# Sharking Report 09/10/11



## beeritself (Nov 25, 2010)

I went out with DevinsDad this afternoon to Chickenbone beach on the gulfside. We set our first baits out around 5:30pm. We had two stud Blacktips beached by 8pm. Not bad for only setting out 2 baits. The reels were screaming before we could get a 3rd line in the water. The first blacktip we fought for about a half an hour and got him up on the beach, about 4 feet or so, maybe a little larger. No sooner than we finished gutting him and putting him on ice did the 2nd reel go off. This fight was much more intense. We had a large crowd on the beach by this time, since they just watched us fight the first one. After the 2nd shark fully breached the water the first time, the crowd only grew larger. This shark put on an impressive aerial acrobatic show. All in all it breached the water close to 10 times, each time with "oooohs and aaaaahhhs" from the spectators and fishermen alike. After I thought I lost the shark twice due to it making a run straight for the beach, we were able to tail rope it an hour and half into the fight. When we got it to the beach, we estimated it at over 5ft and 100+ lbs. It is certainly not a night that I will forget anytime soon. I have never heard of a Blacktip breaching like that. It was an incredible sight and not a bad way to break in a new rod and reel...


----------



## Mike W (Jul 11, 2011)

Nice work Jeff! Man, it was a good weekend all up and down the coast!


----------



## devinsdad (Mar 31, 2010)

Awesome night! Bet your arms are sore today!

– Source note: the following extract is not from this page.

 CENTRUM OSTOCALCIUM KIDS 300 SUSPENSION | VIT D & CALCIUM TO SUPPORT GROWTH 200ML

Looks like grilled blacktip steaks tonight!


----------



## J.Sharit (Oct 3, 2007)

Great JOB Guys I knew IF i did'nt go you guys
would have a great night just my luck......jim


----------



## grey ghost (Jul 24, 2011)

Fill me in a lil on them black tips? I guess your gone eat them, what is best way to cook them, do you bleed them? I heard some sharks urinate on itself for some reason and ruins meat?? whats your take?? Great pics!!:thumbup:


----------



## amarcafina (Aug 24, 2008)

Uric acid in there blood stream , bleed em and and lay fillets on the frig. rack overnight, then cook em.


----------



## beeritself (Nov 25, 2010)

Thanks, Jim. It's ashame you didn't make it out there. Maybe next time. 
Grey Ghost - What we do when we catch them is gut them and cut off the head immediately and pack the remainder in ice and the meat stays fresh. In this case, we have too much meat to cook at one time, so we cut them into steaks, skin em, and freeze them in water. They cook really well no matter how they are prepared, but can dry out easily if you're not careful.

+1 amarcafina for the the technical info.


----------



## PompChaser315 (Feb 18, 2011)

Nice catch dude!


----------